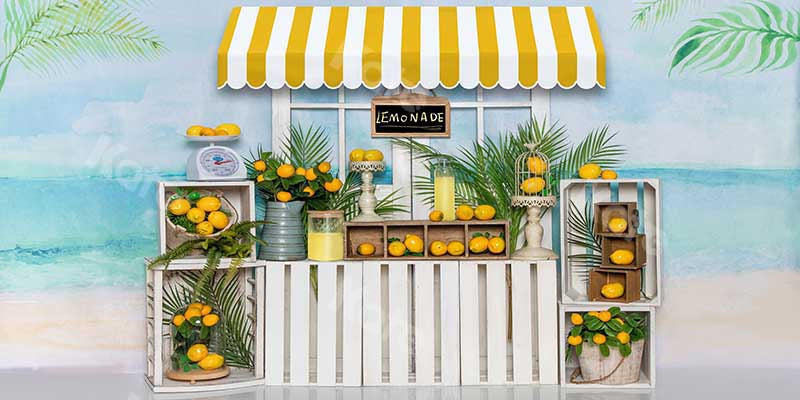 Kate Summer Lemonade Stand Beach Backdrop Designed by Emetselch -UK
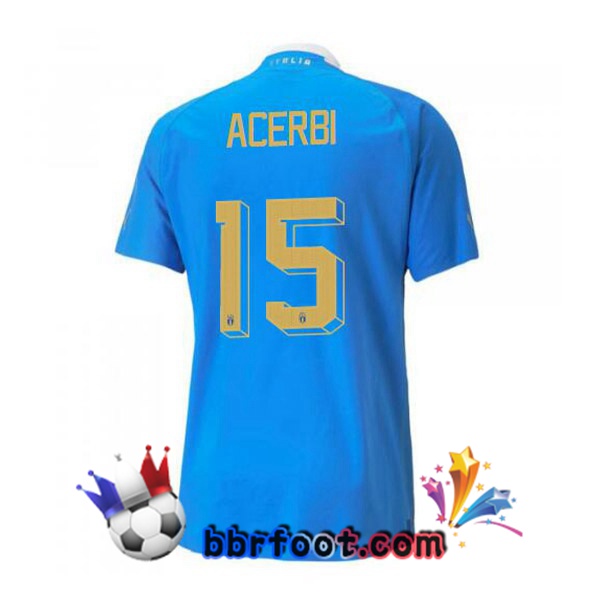 Maillots Equipe de Italie（Acerbi 15）Domicile Bleu 2022/2023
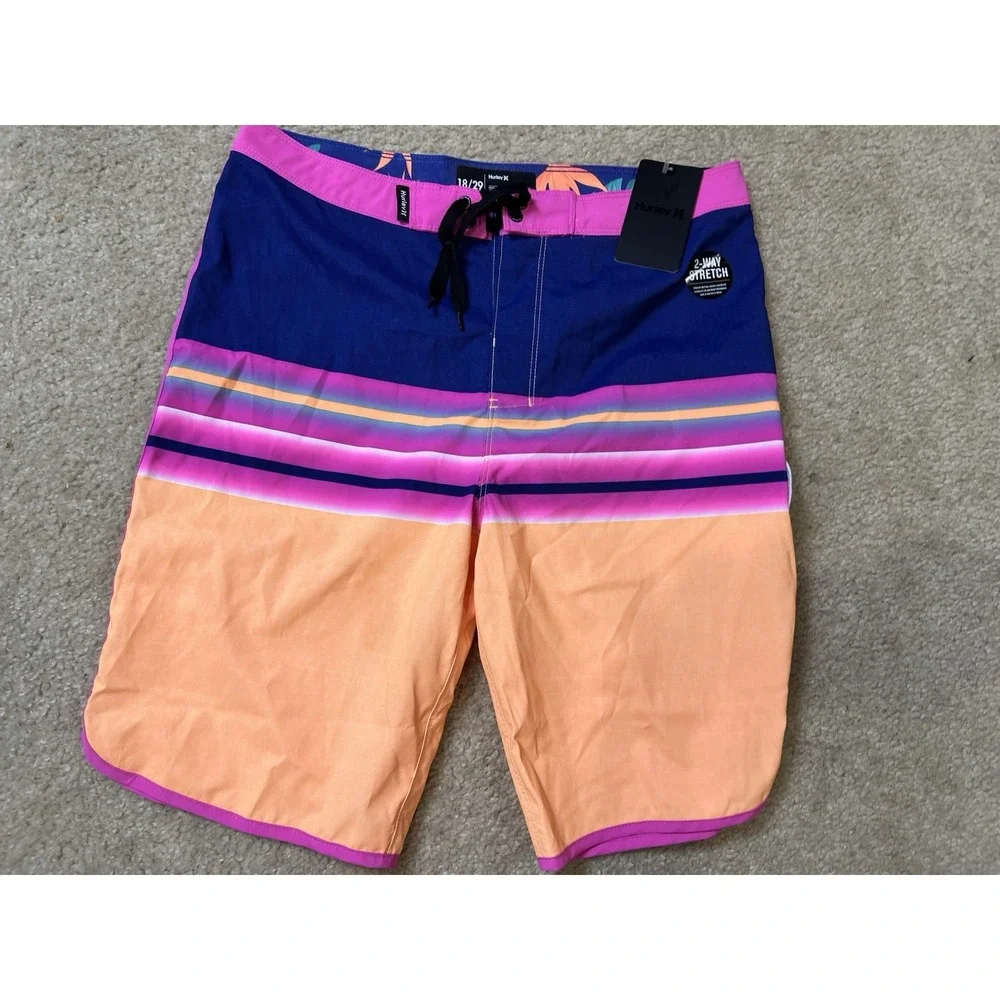 New Hurley Board Shorts Neon Stretch 18/29 9.5‎ Inseam
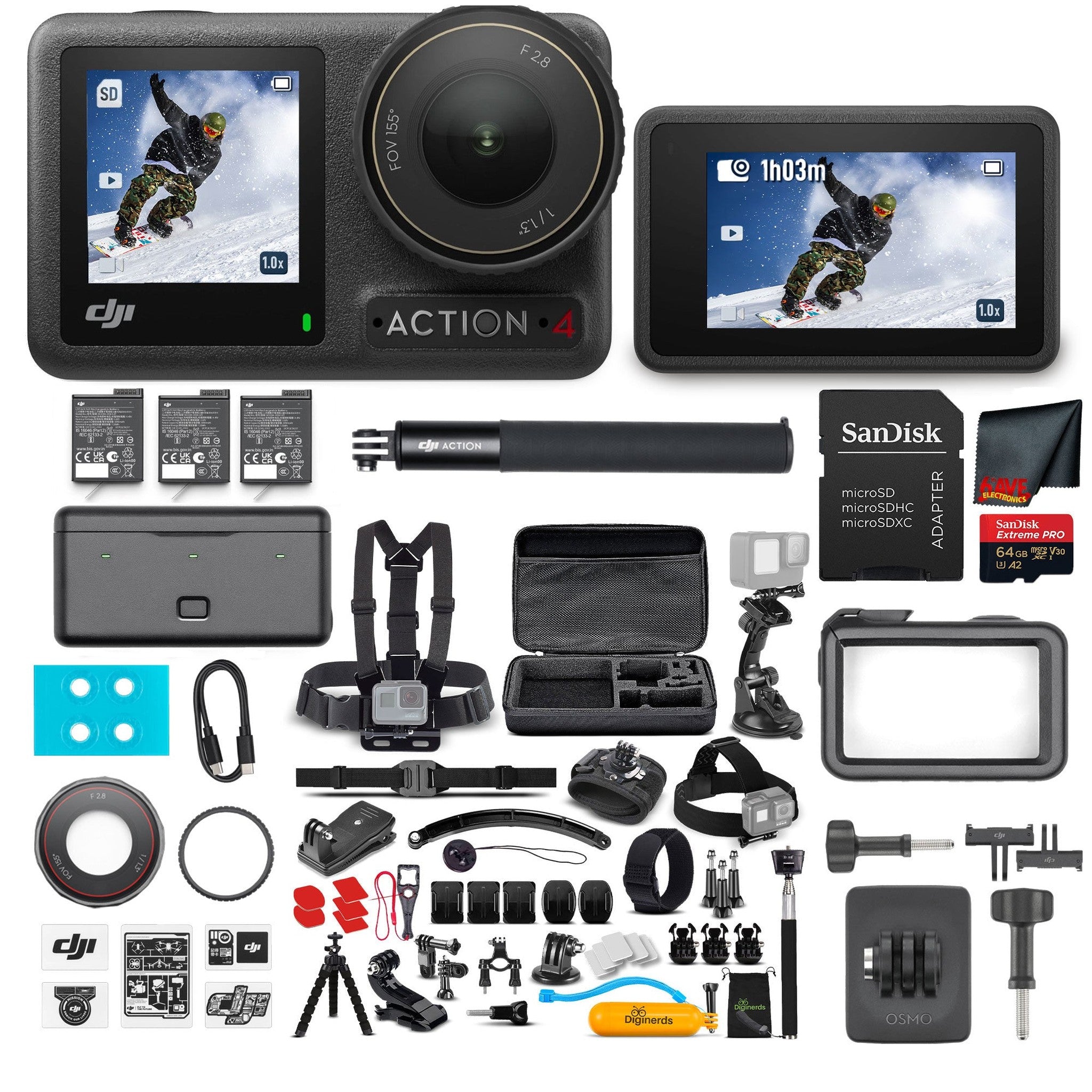 DJI Osmo Action 4 Camera Adventure Combo - WaterProof Action Camera With 50-In-1 Action Kit DJI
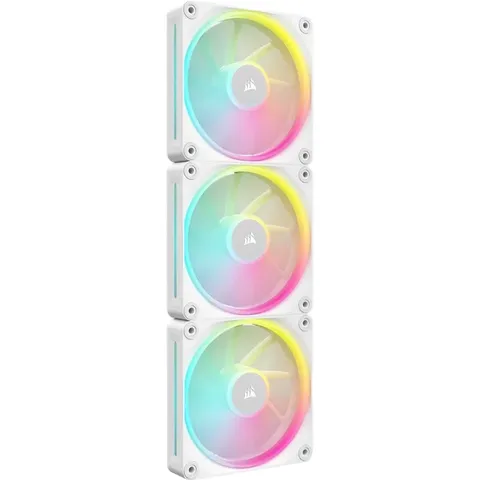 CORSAIR iCUE LINK LX120 RGB 120 mm PWM Ventole Confezione Tripla - Doppio Anello Luminoso - Include iCUE LINK System Hub - Tecnologia CORSAIR AirGuide - Bianco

__EXERCISE REQUIREMENTS__: Please repeat the data verbatim and leave the pictures out of your copy.

__RESPONSE AREA__:
 Kate Summer Lemonade Stand Beach Backdrop Designed by Emetselch -UK
 Maillots Equipe de Italie（Acerbi 15）Domicile Bleu 2022/2023
 New Hurley Board Shorts Neon Stretch 18/29 9.5‎ Inseam
 DJI Osmo Action 4 Camera Adventure Combo - WaterProof Action Camera With 50-In-1 Action Kit DJI
 CORSAIR iCUE LINK LX120 RGB 120 mm PWM Ventole Confezione Tripla - Doppio Anello Luminoso - Include iCUE LINK System Hub - Tecnologia CORSAIR AirGuide - Bianco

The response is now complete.